New Rochelle entrepreneur Pierre Blanc and his
wife had just returned from a brief anniversary celebration at Manhattan's Sherry-Netherland hotel. "I had no idea
the place was so expensive," said Mr. Blanc, the 43 year-old founder, owner and chief executive officer of Sunshield Energy
Control Systems, a major player in the field of protective window coatings. But at least Mr. Blanc could take comfort
in the fact that one of the world's chicest hostelries was also his client.
The rich, the famous and the merely prudent
have made the decision to invest in what Mr. Blanc's company has to offer, along with many museums and other institutions
with price-y and pricelss furniture and art to protect. Here is what Sunshield's coatings provide, according to the
company's brochure: "By selectively inhibiting the infiltration of ultraviolet, infrared and visible light, our coatings
provide the greatest degree of solar protection and energy management that current technology permits." In other words
if you have a valuable art or antique collection that needs protection from the damaging effects of the sun's rays, or your
house or apartment costs a mint to heat and cool, Sunshield can help.
The Rockefellers, the DuPonts, the Vanderbilts
and the Hearsts all have window coatings from Sunshield, according to the company's publicity material. So do Leona
Helmsley, Allen Ginsberg, Ed Koch, Elton John, Billy Crystal, Steve Martin and George Steinbrenner. The Boss must
have spread the word because Yankees General Manager Brian Cashman also signed on with Sunshield. Post installation
Dan and Jean Rather sent a note that said "Terrific! Thanks!"
With such an exacting clientele- George Steinbrenner
and Leona Helmsley- you'd think Sunshield's proprietor would be just a little bit crazed, just a tad hyper. But Mr.
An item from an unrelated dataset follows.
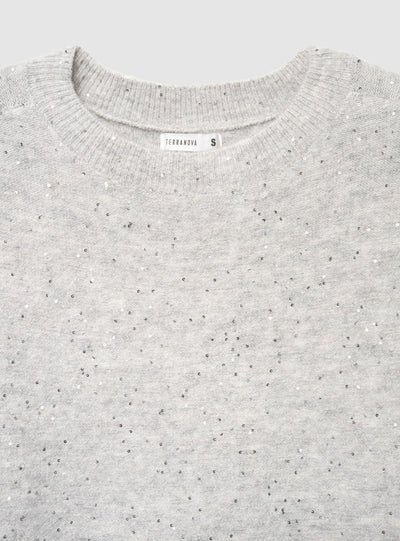 Maglia con effetto luccicante e paillettes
Blanc is a quietly affable and forthcoming man, seemingly secure in his company's products and his ability to maintain market
share. With a generosity a least a bit unusual in the genus CEO Americanus he calls long time staffers Christopher Brace
and Beth Schneider "key employees" who've made many contributions to the firm's "expolosive" growth.
Pierre Blanc and his wife live in a house in
New Rochelle overlooking the Long Island Sound and he employs his own product at home. "It protects fabric colors and
artwork and helps with energy bills without interfering with our water views," he said.
Mr. Blanc, who grew up in Pelham Manor, was
an undergraduate at Fordham University en route to law school when he began applying window coatings "to make a little money,"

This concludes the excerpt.